=== DATA FOR THIS TASK ===
****************************************

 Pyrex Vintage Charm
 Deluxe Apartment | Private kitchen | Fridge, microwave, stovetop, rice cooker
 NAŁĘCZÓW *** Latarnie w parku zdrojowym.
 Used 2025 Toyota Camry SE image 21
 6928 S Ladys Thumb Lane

****************************************

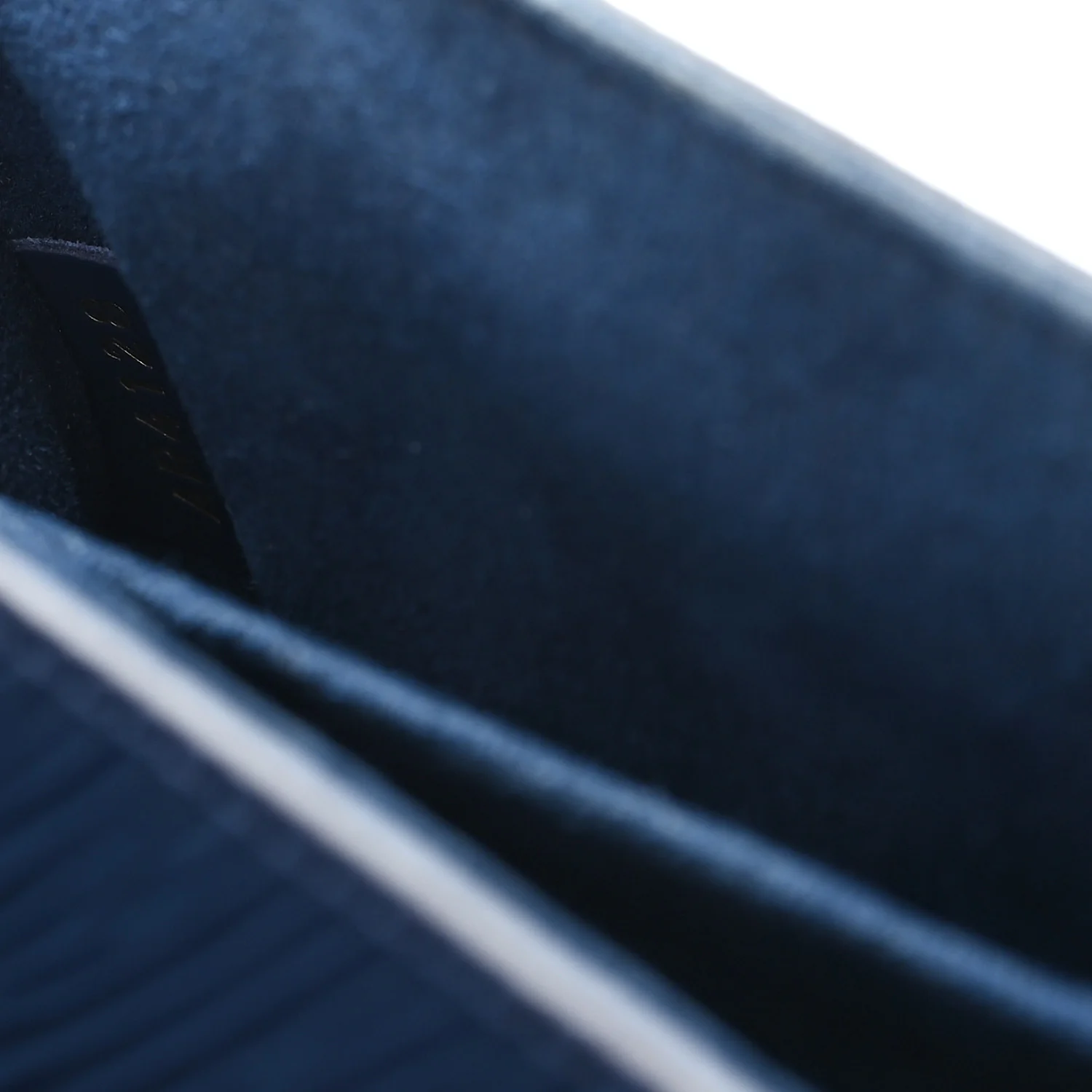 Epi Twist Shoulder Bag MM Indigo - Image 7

****************************************

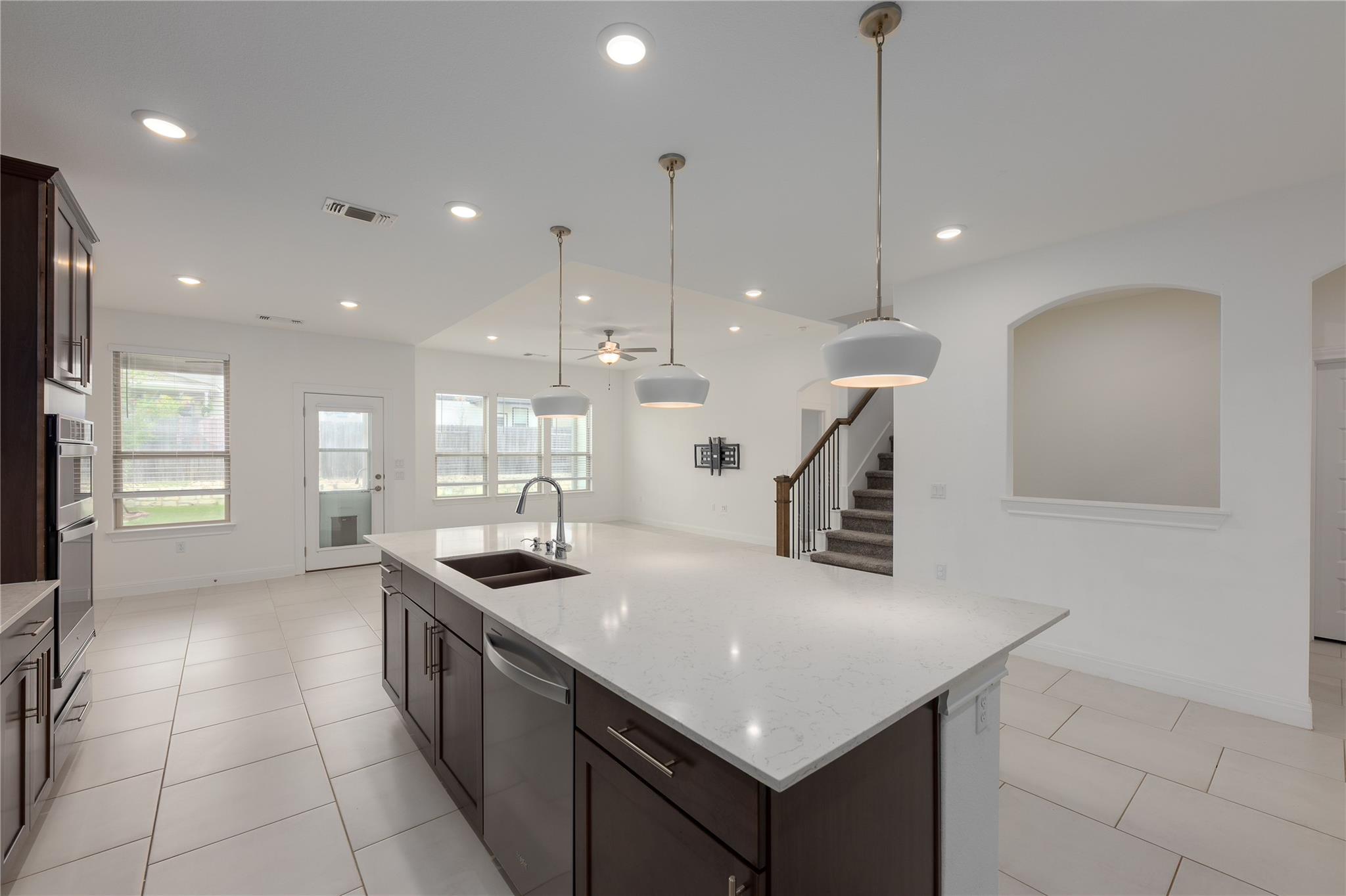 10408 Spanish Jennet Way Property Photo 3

****************************************

=== WHAT THIS TASK INVOLVES ===
Return a word-for-word copy of the lines above from the one holding "Pyrex Vintage Charm" through the one holding "6928 S Ladys Thumb Lane", with both of them included and nothing besides.

=== SOLUTION FOR THIS EXERCISE ===
 Pyrex Vintage Charm
 Deluxe Apartment | Private kitchen | Fridge, microwave, stovetop, rice cooker
 NAŁĘCZÓW *** Latarnie w parku zdrojowym.
 Used 2025 Toyota Camry SE image 21
 6928 S Ladys Thumb Lane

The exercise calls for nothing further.